October, 2025
Yucca St
Yucca Street is a short video filmed in an old apartment I used to live in. The place has long been emptied, but I still find myself walking past it and looking up at the windows. Some of them used to belong to my daily routine, especially during shifts of natural light.
The video consists entirely of static shots. No human figure appears. The visuals are composed of blinds, shadows, reflected light, and textured walls. These are things I had seen countless times, yet certain light at a certain hour still insists on being remembered. Light itself is common, but emotion keeps assigning significance to it. I knew I should have stopped looking back, but I kept doing it anyway.
The sound structure is more performative. I wrapped my phone in a plastic bag and submerged it in a tank of water to record myself playing Pavane pour une infante défunte by Maurice Ravel. The performance is hesitant and slow. I was not aiming for fluency; I wanted the hesitation to remain. Beneath the surface of water, the melody becomes soft, broken, and damp. It drags. This dragging becomes the actual pace of the work, moving through sound, mood, gaze, and narrative. Along with the submerged piano, the soundscape includes ambient wind, water, and a short clip of human voice accidentally recorded when I revisited the space. Together, they form a wet sonic surface that cannot be dried.
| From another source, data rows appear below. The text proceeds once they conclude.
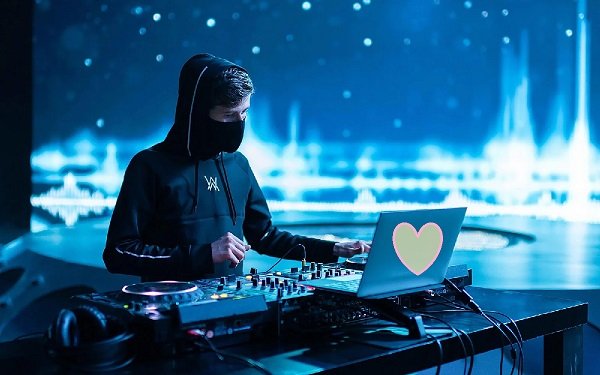 Alan Walker Net Worth 2024: Bio, Age, Wiki, and Earnings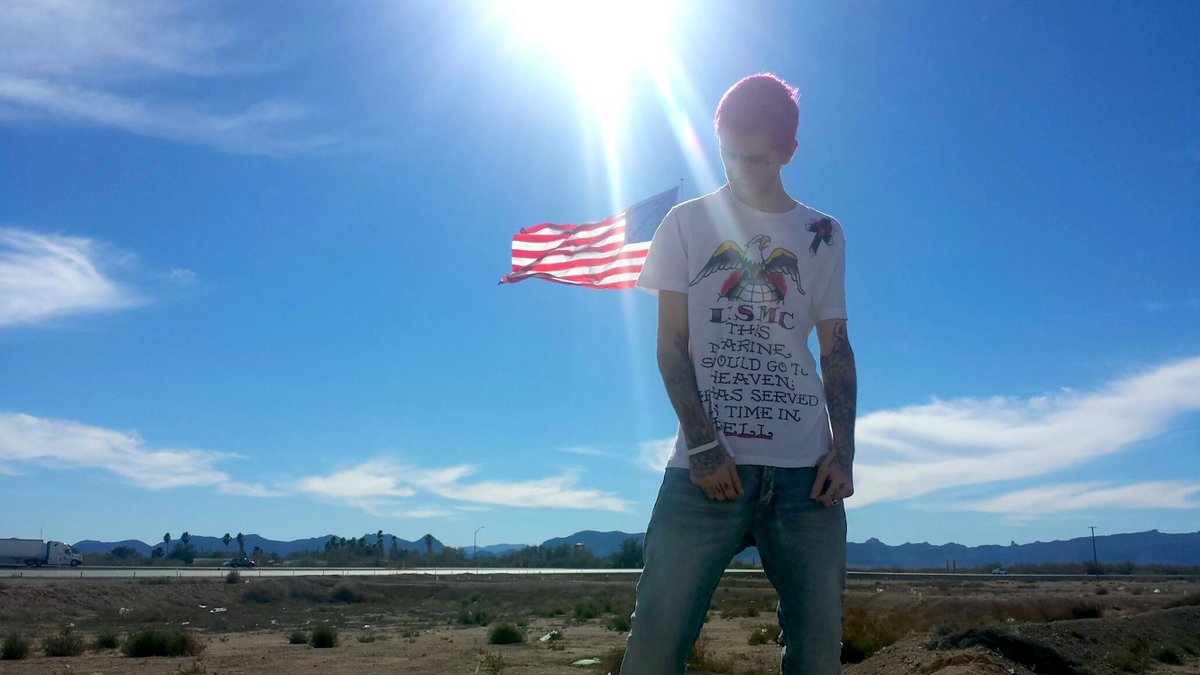 Lilpeep's tweet image. California Girls Merchandise Capsule now available at lilpeep.com
Tattoo design by @EdHardy
New archive post about Gus’s love for Ed Hardy’s style on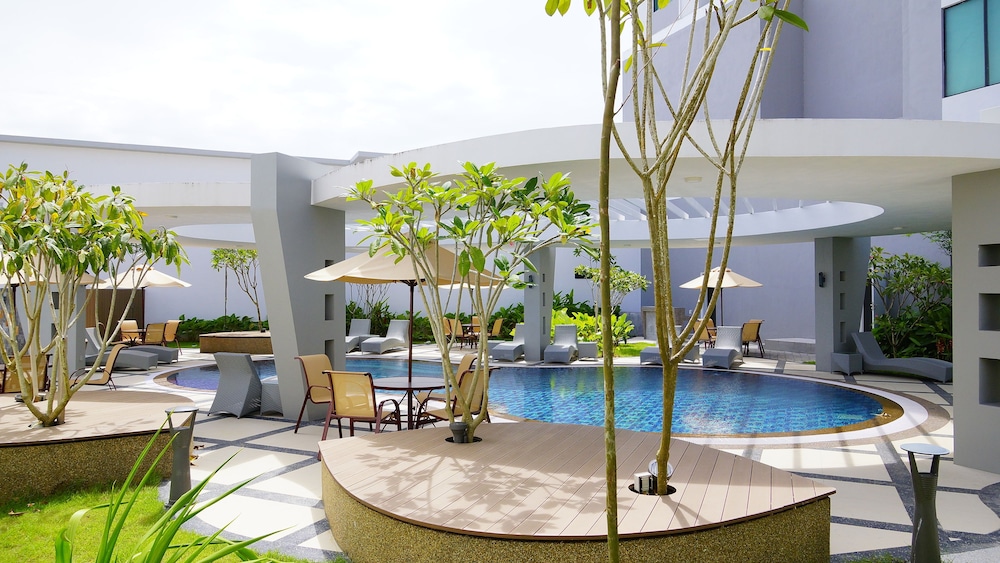 RAIA HOTEL AND CONVENTION CENTRE ALOR SETAR 50/50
The piece is less about memory as content than memory as residue. I am interested in how emotional presence remains in space through displacement, deflection, and delay: light bouncing off a wall, sound softening into echo, a moment extending past its time. Yucca Street is a small study on how time gets stuck inside perception, and how certain spaces begin to decay emotionally even before they vanish physically.
Perhaps, it is a farewell to a particular texture of time itself.